WHAT YOU HAVE TO DO
Set every line of the listing down again, keeping it identical.

EXTRACTED DATA
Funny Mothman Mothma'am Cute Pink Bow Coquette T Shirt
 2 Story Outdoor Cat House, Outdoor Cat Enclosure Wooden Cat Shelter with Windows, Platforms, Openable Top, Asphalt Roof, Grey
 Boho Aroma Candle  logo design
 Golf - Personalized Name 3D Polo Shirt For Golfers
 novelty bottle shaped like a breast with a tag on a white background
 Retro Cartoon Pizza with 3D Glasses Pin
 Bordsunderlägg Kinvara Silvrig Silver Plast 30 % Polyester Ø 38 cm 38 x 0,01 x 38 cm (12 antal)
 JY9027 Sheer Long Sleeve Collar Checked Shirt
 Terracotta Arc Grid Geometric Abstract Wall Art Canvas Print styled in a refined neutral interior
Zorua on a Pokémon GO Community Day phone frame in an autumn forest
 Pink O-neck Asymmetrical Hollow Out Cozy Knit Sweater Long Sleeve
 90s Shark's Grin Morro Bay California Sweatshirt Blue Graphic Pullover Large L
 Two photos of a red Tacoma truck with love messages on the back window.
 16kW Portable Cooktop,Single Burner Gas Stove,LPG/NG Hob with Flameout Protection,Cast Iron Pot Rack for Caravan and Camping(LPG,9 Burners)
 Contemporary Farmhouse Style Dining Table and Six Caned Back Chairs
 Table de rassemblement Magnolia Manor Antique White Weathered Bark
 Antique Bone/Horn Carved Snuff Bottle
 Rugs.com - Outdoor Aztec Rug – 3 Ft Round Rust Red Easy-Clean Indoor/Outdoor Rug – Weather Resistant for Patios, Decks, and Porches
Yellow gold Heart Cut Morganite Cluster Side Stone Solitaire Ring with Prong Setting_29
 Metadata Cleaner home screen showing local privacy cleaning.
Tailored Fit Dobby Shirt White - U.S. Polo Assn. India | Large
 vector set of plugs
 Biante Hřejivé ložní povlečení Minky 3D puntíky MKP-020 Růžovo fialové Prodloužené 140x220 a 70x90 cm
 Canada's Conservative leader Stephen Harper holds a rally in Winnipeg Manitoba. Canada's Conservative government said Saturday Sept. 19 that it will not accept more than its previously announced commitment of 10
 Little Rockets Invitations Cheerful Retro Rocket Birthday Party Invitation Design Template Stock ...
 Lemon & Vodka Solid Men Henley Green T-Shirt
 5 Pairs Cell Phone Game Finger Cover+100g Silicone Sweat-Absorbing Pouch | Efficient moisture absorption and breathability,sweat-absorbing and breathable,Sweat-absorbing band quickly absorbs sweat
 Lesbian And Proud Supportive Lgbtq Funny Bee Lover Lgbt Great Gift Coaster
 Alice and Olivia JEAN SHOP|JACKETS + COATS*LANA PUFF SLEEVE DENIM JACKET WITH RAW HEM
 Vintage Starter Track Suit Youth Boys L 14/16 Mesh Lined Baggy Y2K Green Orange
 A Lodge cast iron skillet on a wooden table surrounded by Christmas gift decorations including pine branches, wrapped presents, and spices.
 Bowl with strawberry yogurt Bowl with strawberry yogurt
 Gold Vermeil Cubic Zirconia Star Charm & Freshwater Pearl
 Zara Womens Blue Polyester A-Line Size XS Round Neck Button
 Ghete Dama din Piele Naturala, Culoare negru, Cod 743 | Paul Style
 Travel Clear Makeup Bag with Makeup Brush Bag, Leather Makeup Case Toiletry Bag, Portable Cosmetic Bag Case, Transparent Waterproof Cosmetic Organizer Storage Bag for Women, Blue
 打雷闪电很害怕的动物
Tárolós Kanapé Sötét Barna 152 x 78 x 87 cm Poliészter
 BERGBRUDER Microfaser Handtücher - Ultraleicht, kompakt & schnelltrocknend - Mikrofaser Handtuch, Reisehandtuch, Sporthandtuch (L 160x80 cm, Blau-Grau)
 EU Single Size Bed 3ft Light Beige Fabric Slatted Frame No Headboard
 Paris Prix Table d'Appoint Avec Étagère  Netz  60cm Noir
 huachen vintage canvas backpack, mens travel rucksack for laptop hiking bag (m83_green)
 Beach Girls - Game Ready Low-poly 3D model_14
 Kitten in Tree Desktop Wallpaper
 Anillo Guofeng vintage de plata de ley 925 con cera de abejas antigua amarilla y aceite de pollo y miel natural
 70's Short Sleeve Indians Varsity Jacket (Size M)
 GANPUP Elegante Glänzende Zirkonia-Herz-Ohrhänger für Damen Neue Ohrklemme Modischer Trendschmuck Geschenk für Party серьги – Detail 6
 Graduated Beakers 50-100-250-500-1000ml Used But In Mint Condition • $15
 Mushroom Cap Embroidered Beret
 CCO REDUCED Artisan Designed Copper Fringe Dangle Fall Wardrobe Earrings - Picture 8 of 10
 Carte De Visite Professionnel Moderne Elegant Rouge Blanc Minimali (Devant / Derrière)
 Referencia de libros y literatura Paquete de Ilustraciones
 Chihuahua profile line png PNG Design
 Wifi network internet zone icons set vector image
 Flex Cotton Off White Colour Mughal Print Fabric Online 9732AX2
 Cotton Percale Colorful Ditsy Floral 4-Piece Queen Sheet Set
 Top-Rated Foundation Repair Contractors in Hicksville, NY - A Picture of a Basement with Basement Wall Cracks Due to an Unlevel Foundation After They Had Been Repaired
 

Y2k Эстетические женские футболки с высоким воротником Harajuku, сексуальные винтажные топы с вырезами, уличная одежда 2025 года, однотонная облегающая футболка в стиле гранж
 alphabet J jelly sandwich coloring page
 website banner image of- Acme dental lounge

TASK ANSWER
Funny Mothman Mothma'am Cute Pink Bow Coquette T Shirt
 2 Story Outdoor Cat House, Outdoor Cat Enclosure Wooden Cat Shelter with Windows, Platforms, Openable Top, Asphalt Roof, Grey
 Boho Aroma Candle  logo design
 Golf - Personalized Name 3D Polo Shirt For Golfers
 novelty bottle shaped like a breast with a tag on a white background
 Retro Cartoon Pizza with 3D Glasses Pin
 Bordsunderlägg Kinvara Silvrig Silver Plast 30 % Polyester Ø 38 cm 38 x 0,01 x 38 cm (12 antal)
 JY9027 Sheer Long Sleeve Collar Checked Shirt
 Terracotta Arc Grid Geometric Abstract Wall Art Canvas Print styled in a refined neutral interior
Zorua on a Pokémon GO Community Day phone frame in an autumn forest
 Pink O-neck Asymmetrical Hollow Out Cozy Knit Sweater Long Sleeve
 90s Shark's Grin Morro Bay California Sweatshirt Blue Graphic Pullover Large L
 Two photos of a red Tacoma truck with love messages on the back window.
 16kW Portable Cooktop,Single Burner Gas Stove,LPG/NG Hob with Flameout Protection,Cast Iron Pot Rack for Caravan and Camping(LPG,9 Burners)
 Contemporary Farmhouse Style Dining Table and Six Caned Back Chairs
 Table de rassemblement Magnolia Manor Antique White Weathered Bark
 Antique Bone/Horn Carved Snuff Bottle
 Rugs.com - Outdoor Aztec Rug – 3 Ft Round Rust Red Easy-Clean Indoor/Outdoor Rug – Weather Resistant for Patios, Decks, and Porches
Yellow gold Heart Cut Morganite Cluster Side Stone Solitaire Ring with Prong Setting_29
 Metadata Cleaner home screen showing local privacy cleaning.
Tailored Fit Dobby Shirt White - U.S. Polo Assn. India | Large
 vector set of plugs
 Biante Hřejivé ložní povlečení Minky 3D puntíky MKP-020 Růžovo fialové Prodloužené 140x220 a 70x90 cm
 Canada's Conservative leader Stephen Harper holds a rally in Winnipeg Manitoba. Canada's Conservative government said Saturday Sept. 19 that it will not accept more than its previously announced commitment of 10
 Little Rockets Invitations Cheerful Retro Rocket Birthday Party Invitation Design Template Stock ...
 Lemon & Vodka Solid Men Henley Green T-Shirt
 5 Pairs Cell Phone Game Finger Cover+100g Silicone Sweat-Absorbing Pouch | Efficient moisture absorption and breathability,sweat-absorbing and breathable,Sweat-absorbing band quickly absorbs sweat
 Lesbian And Proud Supportive Lgbtq Funny Bee Lover Lgbt Great Gift Coaster
 Alice and Olivia JEAN SHOP|JACKETS + COATS*LANA PUFF SLEEVE DENIM JACKET WITH RAW HEM
 Vintage Starter Track Suit Youth Boys L 14/16 Mesh Lined Baggy Y2K Green Orange
 A Lodge cast iron skillet on a wooden table surrounded by Christmas gift decorations including pine branches, wrapped presents, and spices.
 Bowl with strawberry yogurt Bowl with strawberry yogurt
 Gold Vermeil Cubic Zirconia Star Charm & Freshwater Pearl
 Zara Womens Blue Polyester A-Line Size XS Round Neck Button
 Ghete Dama din Piele Naturala, Culoare negru, Cod 743 | Paul Style
 Travel Clear Makeup Bag with Makeup Brush Bag, Leather Makeup Case Toiletry Bag, Portable Cosmetic Bag Case, Transparent Waterproof Cosmetic Organizer Storage Bag for Women, Blue
 打雷闪电很害怕的动物
Tárolós Kanapé Sötét Barna 152 x 78 x 87 cm Poliészter
 BERGBRUDER Microfaser Handtücher - Ultraleicht, kompakt & schnelltrocknend - Mikrofaser Handtuch, Reisehandtuch, Sporthandtuch (L 160x80 cm, Blau-Grau)
 EU Single Size Bed 3ft Light Beige Fabric Slatted Frame No Headboard
 Paris Prix Table d'Appoint Avec Étagère  Netz  60cm Noir
 huachen vintage canvas backpack, mens travel rucksack for laptop hiking bag (m83_green)
 Beach Girls - Game Ready Low-poly 3D model_14
 Kitten in Tree Desktop Wallpaper
 Anillo Guofeng vintage de plata de ley 925 con cera de abejas antigua amarilla y aceite de pollo y miel natural
 70's Short Sleeve Indians Varsity Jacket (Size M)
 GANPUP Elegante Glänzende Zirkonia-Herz-Ohrhänger für Damen Neue Ohrklemme Modischer Trendschmuck Geschenk für Party серьги – Detail 6
 Graduated Beakers 50-100-250-500-1000ml Used But In Mint Condition • $15
 Mushroom Cap Embroidered Beret
 CCO REDUCED Artisan Designed Copper Fringe Dangle Fall Wardrobe Earrings - Picture 8 of 10
 Carte De Visite Professionnel Moderne Elegant Rouge Blanc Minimali (Devant / Derrière)
 Referencia de libros y literatura Paquete de Ilustraciones
 Chihuahua profile line png PNG Design
 Wifi network internet zone icons set vector image
 Flex Cotton Off White Colour Mughal Print Fabric Online 9732AX2
 Cotton Percale Colorful Ditsy Floral 4-Piece Queen Sheet Set
 Top-Rated Foundation Repair Contractors in Hicksville, NY - A Picture of a Basement with Basement Wall Cracks Due to an Unlevel Foundation After They Had Been Repaired
 

Y2k Эстетические женские футболки с высоким воротником Harajuku, сексуальные винтажные топы с вырезами, уличная одежда 2025 года, однотонная облегающая футболка в стиле гранж
 alphabet J jelly sandwich coloring page
 website banner image of- Acme dental lounge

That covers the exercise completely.